Which is all to say that watching Robert Zemeckis' new adaptation of The Witches came fraught with more luggage than any movie could hope to manage -- as many bellhops and boisterous chambermaids as it tossed at me I kept piling my travel-things in its way, tripping up myself and my fun. The agony's two-fold -- you're trying to divorce yourself from your memories and expectations, while you're also trying to make of yourself a child, knee-deep in those old things all over again. It's impossible. The movie demands a child's eye but my child's eyes got emotional cataracts, son.

I don't know really how to write about the movie. Not properly. I wasn't watching the movie so much as I was watching for the movie I wanted the movie to be, which is wasn't, but what is? What was? What even could be? Even Roeg's film, as beloved as it is, has never been that thing I remember from my own beforetime. Revisiting the book's the only thing that takes me back there, and "back there" is so complicated and sad that I sometimes can't stand it.

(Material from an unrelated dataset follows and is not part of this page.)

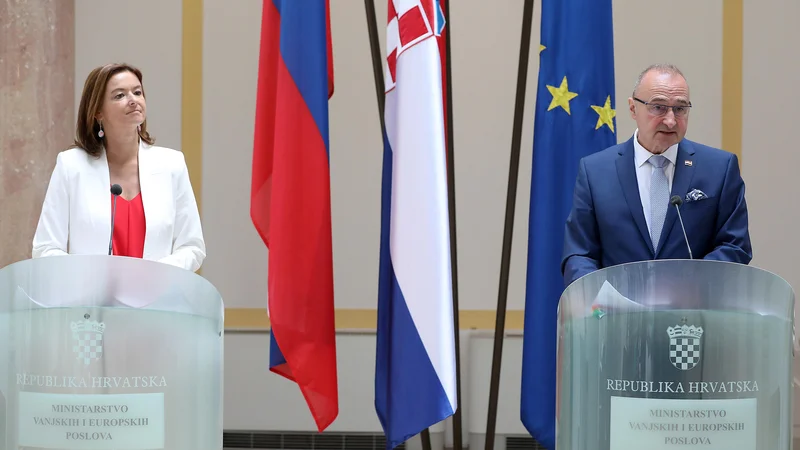 Fotografija: Obisk, ki bo rezultate pokazal šele čez čas. Tanja Fajon (levo) in gostitelj minister Gordan Grlić Radman, ki poudarja, da »vstop Hrvaške v schengen in arbitražna razprava oziroma določitev meje s Slovenijo nista povezana«. FOTO: Ranko Šuvar/Cropix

I just don't know that I have room for this book being a movie in my heart. It's so much more than that. It's a sad little boy without any friends sitting on a bench in the lunch-room hearing the other kids laugh at him while he tries desperately to lose himself in the story of another sad little boy. It's the adventure I didn't get to take on those terrible days that sting to recall -- the book would close and I'd go back to hearing my parents screaming at each other, so the book would reopen again, for the fiftieth time.

Those are the things the book makes me remember the most. My loneliness, profound as any spectacular fantasy full of seaside whimsy and lip-puckering turns of phrase, shouldered against it hard as can be, shoulder to shoulder. Unpack one and it all comes unraveled. The Witches was my favorite escape place, where I dragged everything awful along for the ride. Me and Roald killed off my parents and gave me a fun Grandma who gave a damn, and we went on a ridiculous scary ride, for just almost long enough to forget... and then for it all to come flooding back in around the corners. I dog-eared this book to save myself from drowning. And that's all I got.


DCameron said...

This is lovely and heartbreaking.

Anonymous said...

Thank you for sharing this--it has to be one of the most moving things you've ever written, at least on this blog.

Francisco Estrada said...

This was so haunting and evocative to read. Please never stop writing like this. I still think about your review of Never Let Me Go truly one of my favorite of yours.